Comme une rencontre éphémère… Comme une rencontre fantasmée…

C’était son souhait, tout en me laissant le soin de l’organiser en fonction de mon emploi du temps de ministre. Non, je vous rassure, je ne suis pas secrétaire d’État ou autre. Juste overbookée par ma cheffe qui me confie son job pendant qu’elle va se faire pomponner.
Je ne dis rien, tout simplement parce que je vise son poste et qu’un jour, je sais que je l’aurai. Et j’aurai trimé dur pour l’avoir.

Mais ce n’est pas le sujet du jour.
J’ouvre mon agenda et je confie à Stan, mon correspondant, à l’autre bout du pays, via notre messagerie préférée :

. . . . - Le 20, je serai à Madrid. Je voyagerai de nuit pour rejoindre Paris et pour une fois, je ne prendrai pas l’avion mais le train. Débrouille-toi !

Je lui ai transmis le numéro de mon train, ainsi que le wagon correspondant sans plus de précision. Je me suis décrite physiquement mais il n’a jamais rien vu de ma personne.
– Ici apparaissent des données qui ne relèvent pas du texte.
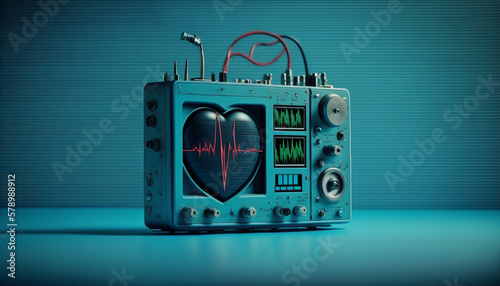 Heart monitor measuring vital signs, medical technology. Generative AI. photo
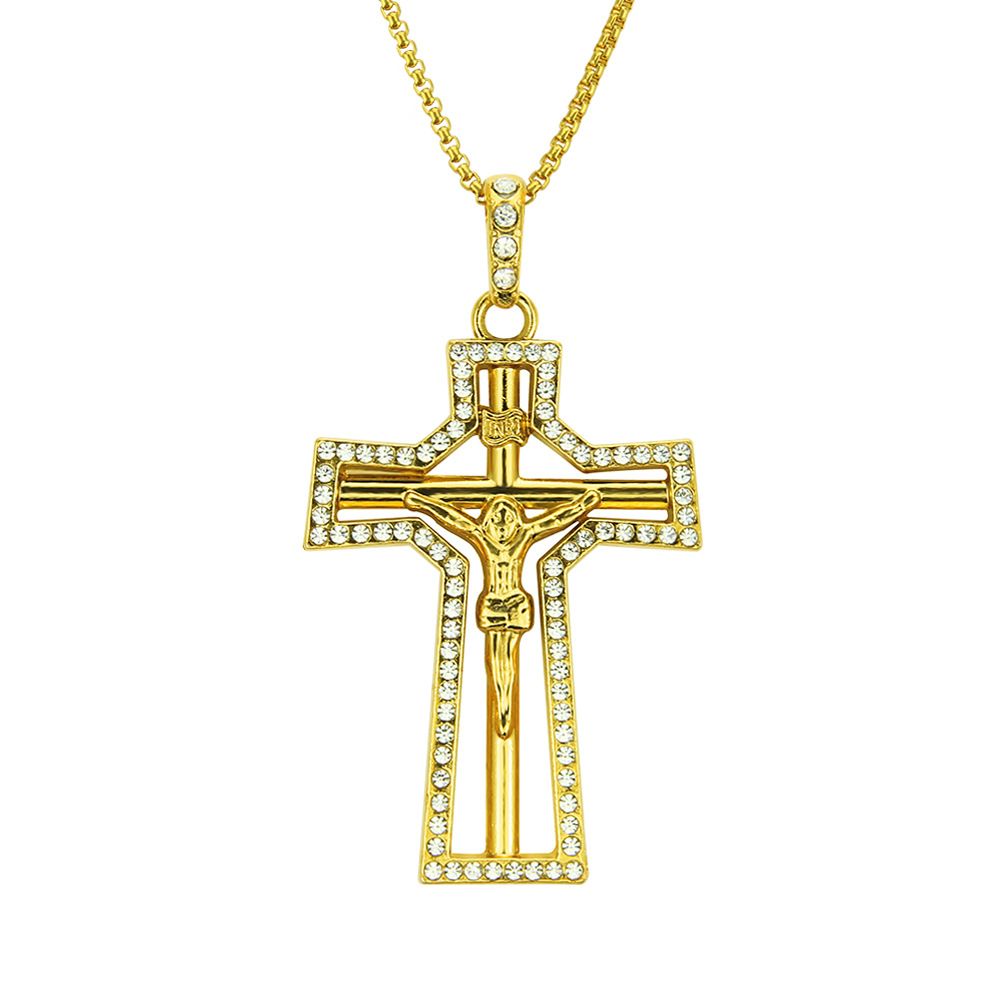 Hip Hop Men's Classic Jewelry Cross Pendant with Diamond Plated Gold Necklace_ipsvogv.com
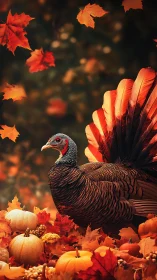 Autumn turkey portrait rendered in warm photorealistic lighting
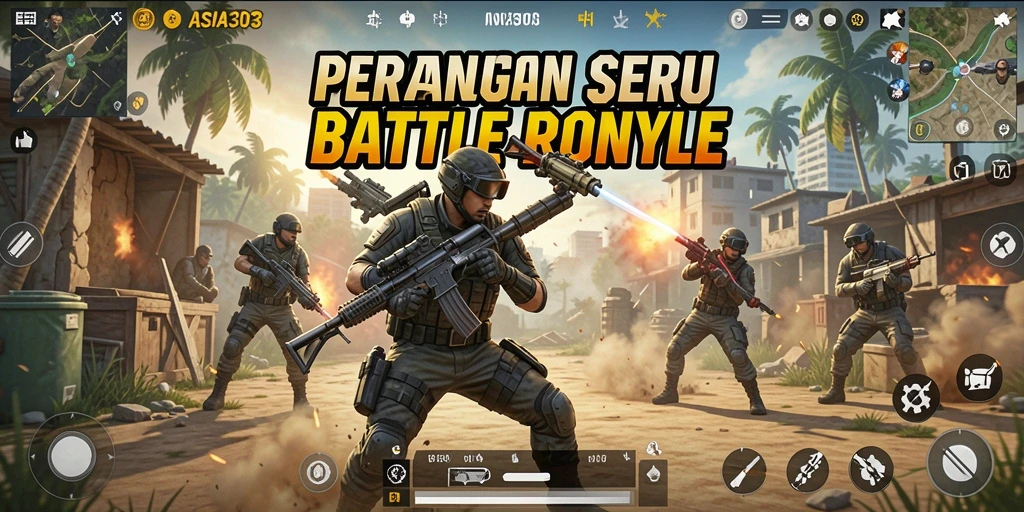 Tampilan dinamis dan seru dari gameplay Battle Royale ASIA303.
. . . . - Et qu’aimerais-tu que je te fasse ? avait-il demandé.
. . . . - Juste me baiser ! Quelque chose de fort et de très intense ! En un regard je te montrerai ce que je veux. Et tu ne pourras pas me le refuser.
. . . . - Entendu… je ne te refuserai rien.

C’était il y a une dizaine de jours. Depuis, nous n’avions plus échangé un seul mot et c’est très fatiguée que je grimpai dans ce fameux wagon. Je ne dirai pas que le surmenage m’a fait oublier mon rendez-vous sexe, mais presque. Je l’avais mis dans mon agenda électronique, une sorte de pense-bête… mais entre Madrid et Paris, il y avait de nombreuses gares et je ne savais ni où il monterait, ni où il descendrait. Il était simplement convenu que nous baiserions dans un wagon, une seule fois. Même si c’était la baise du siècle, plus jamais nous ne nous reverrions.

Je n’avais pas le temps pour ça, et lui…
En fait, je n’en savais rien. Je ne savais pas s’il avait du temps à m’accorder ou s’il voulait juste une parenthèse dans sa vie.

Je posai mon bagage à l’endroit habituel, me mis à l’aise, retirant mes chaussures, ma veste cintrée, attachant mes cheveux de manière moins stricte et pris place au milieu de la couchette déjà préparée. Je sortis mon billet, ma carte d’identité et mon livre.

Je peinais à me concentrer sur ma lecture, cherchant soudain du regard chaque personne qui passait dans le couloir. Je me sentais de plus en plus excitée à l’idée qu’un homme soit dans ce wagon et me cherche.

Au fait… Que lui avais-je dit ? Que dès qu’il me verrait, il saurait ce que je voulais. Je retirai en toute discrétion mon string et remontai ma jupe le plus haut possible, sans en devenir vulgaire. Mes genoux écartés l’un de l’autre…

Je voulais que la première chose qu’il vît en entrant fût ma chatte dégoulinante que je voulais qu’il lape comme un bon toutou. Evidemment, je désirais qu’il me baise entièrement, mais comme première approche, je le voulais à mes genoux, docile et habile de sa langue. Une langue était capable de bien des choses… et s’il l’était avec la sienne, cela me promettait une nuit de folie. J’en étais certaine.

Les minutes passèrent, le contrôleur vint me voir, me demanda si j’avais tout ce que je désirais, je lui souris. En fait, non il me manquait une queue, mais pour le reste oui… je ne réclamais rien d’autre sauf la paix. Il me promit de ne plus me déranger.

Je m’affalai de plus en plus sur mon siège, jusqu’à finir par m’allonger sur le ventre. J’avais bien évidemment tiré le rideau. Je voulais que Stan me surprenne et soit surpris, mais pas que tout le train me voit m’offrir.
La lecture me fit somnoler, je finis même par m’endormir.

à suivre ...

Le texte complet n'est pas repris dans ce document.